A job applicant once called the Standards of Collaboration the most emotionally intelligent professional resource they’ve seen. I take no credit for that — my team made the Standards of Collaboration what it is today. We are all invested in it. It’s the answer to the Standard of Collaborations’ Supervisor Rule #1: Unexpressed expectations = premeditated frustrations. It reminds me of Brené Brown’s “clear is kind” adage — it’s our daily kindness to each other.

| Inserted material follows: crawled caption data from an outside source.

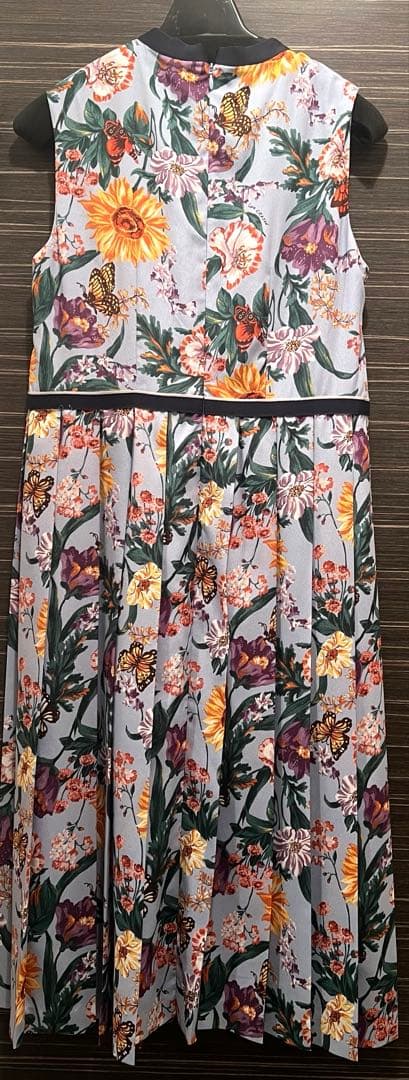 超美品☆Lois CRAYONワンピース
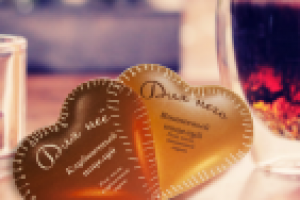 Настольная реклама "14 февраля" для бара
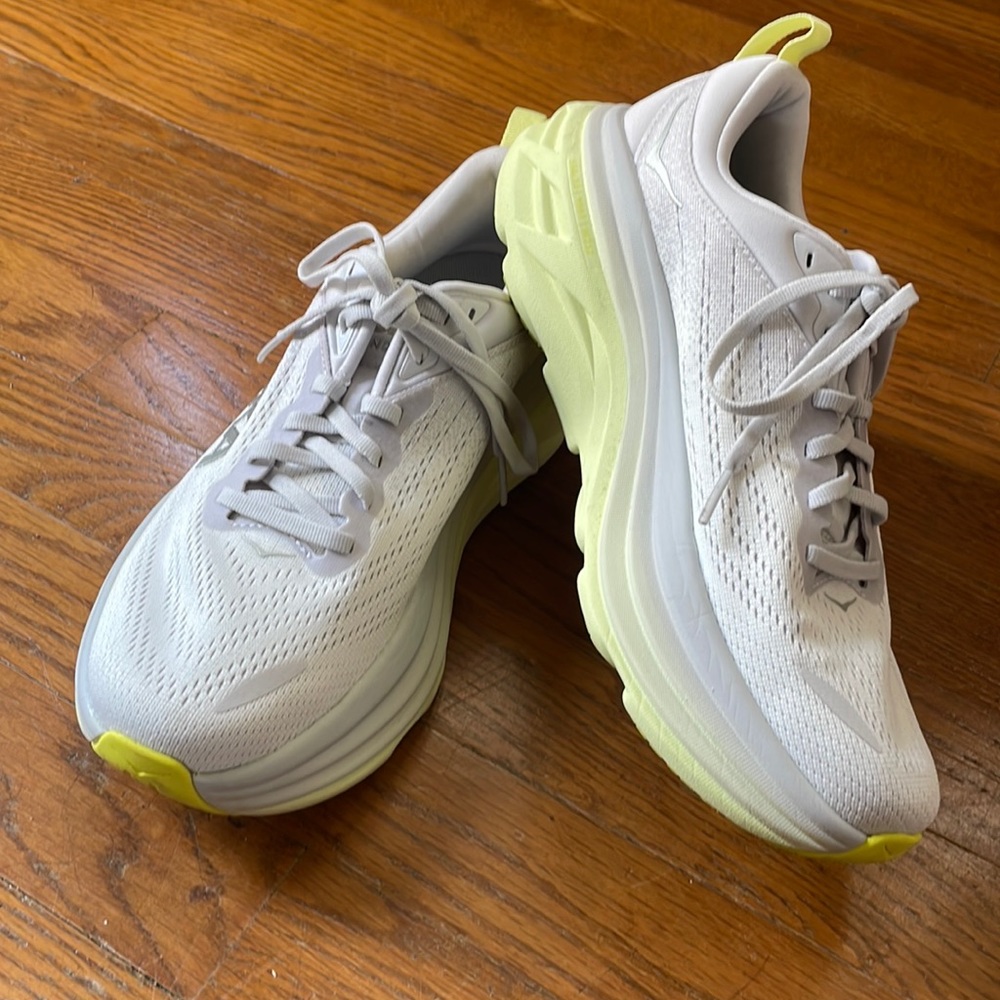 Hoka ladies Bondi 8 shoes Size 8B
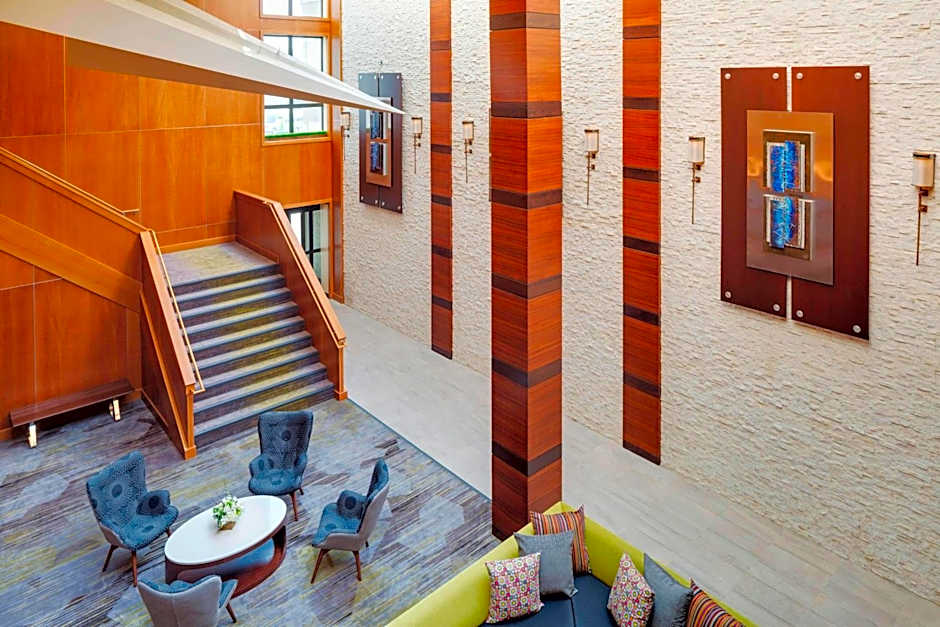 Courtyard by Marriott Boston Logan Airport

We keep finding new ways to integrate the Standards of Collaboration in our work. Outlined below are the ways my team and others at UNICEF USA have thought to use these standards:

  • Culture Building: Developing a resource like the Standards of Collaboration is an act of culture building. Inviting your team to shape the standards gives them equity in creating an environment they want to be part of, and is a great first step toward boosting morale. This exercise can expand beyond your own department, too. At UNICEF USA, three other teams have adopted their own versions of the standards.
  • Secure Vulnerability: This involves leading when it feels beyond the capacity of our role, trying something new and being reassured that if we fail, we are not a failure.
  • Feedback: I often point to specific rules from the Standards of Collaboration in real-time feedback throughout daily work, during weekly check-in feedback and annual reviews.
  • Team Meetings: At team meetings, we try to be mindful of when to reinforce specific rules, saving coaching moments for one-on-one discussions. We also carve out time during team meetings to review specific rules we feel we are struggling with and find ways to recommit to them.
  • Interview Process: We began sharing the standards with interview applicants, as it seemed to be a natural fit. As a job applicant, you want to get a pulse on a team’s culture — what better way to show our collaboration than through the thoughtfulness and intentionality of this approach.
  • Annual Updates: The Standards of Collaboration is a living document. We update them after missteps or successes, when our team grows and even when communication norms go out of date (for example, switching internal chat platforms). Keeping the document current is a continuous team effort.

We had clearly built a framework people are hungry for within UNICEF USA and it has become an influential tool throughout the organization.